Tom Franklin

“No real person is a stereotype.”

An interesting statement, courtesy of writer Tom Franklin.  “We’re all a mess of contradictions and secrets, strangenesses and desires, and nobody’s all good or all bad,” he adds (interview on his Amazon page). “We’re all somewhere in the spectrum between absolute good and absolute evil. So I just try to find a character who’s fairly normal, and put him or her in a fix…”

Strangenesses.

They are in abundance at the outset of “Crooked Letter, Crooked Letter” and it’s certainly easy to think that we are about to fly down the road of a well-paced mystery set in the evocative Deep South.

The opening sections are stunning.  A missing child.  A dead body.  Mosquitoes buzzing and “all the flies a world could need.” Buzzards circle, sweat drips.  A cop calls for help on his radio.

We know the drill (and we like it).

Get the cop on the trail, sort through the good leads and the bad ones, corner the bad guy, put our hero through a few emotional paces, and make us feel like the world is safe again.  Right?

Well, no.  From the whodunit start of “Crooked Letter, Crooked Letter,” Franklin excavates a full-blown novel with classic themes—bullying, hatred, racism, lies, secrets and family ties.
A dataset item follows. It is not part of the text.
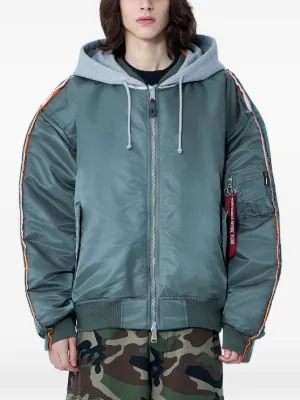 VETEMENTS x Alpha Industries Hooded Bomber Jacket | Green | FARFETCH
I won’t type “spoiler alert” here in capital letters and attempt to warn you not to peek at some key plot point, but even casual mystery readers will recognize that Franklin introduces us early on to the bad guy, a good-old-Southern-boy who is ripe with arrogance and plenty dangerous. There really aren’t that many characters that float through “Crooked Letter” so when the bad guy comes along, he’s fairly easy to spot.

Readers looking for a typical mystery arc will be disappointed—the bad guy is captured near the end but there’s still a long wind-out about the relationship between the black constable, Silas “32” Jones, and his former childhood friend Larry Ott, who is white and who spent his youth being tormented and bullied for his lonely, book-centered ways.  Silas is the one who goes off to college and returns. “He’d thought this job would be different. Constable, the Internet ad had said, of a hamlet. He’d had to look up constable and hamlet, but he liked both words and the job had promised police work, flexible hours, a vehicle.”

Larry stays home, the peculiar auto mechanic who lives on the fringes of society, in a house crammed with more horror books and books of all kinds than in the “rest of the county combined.”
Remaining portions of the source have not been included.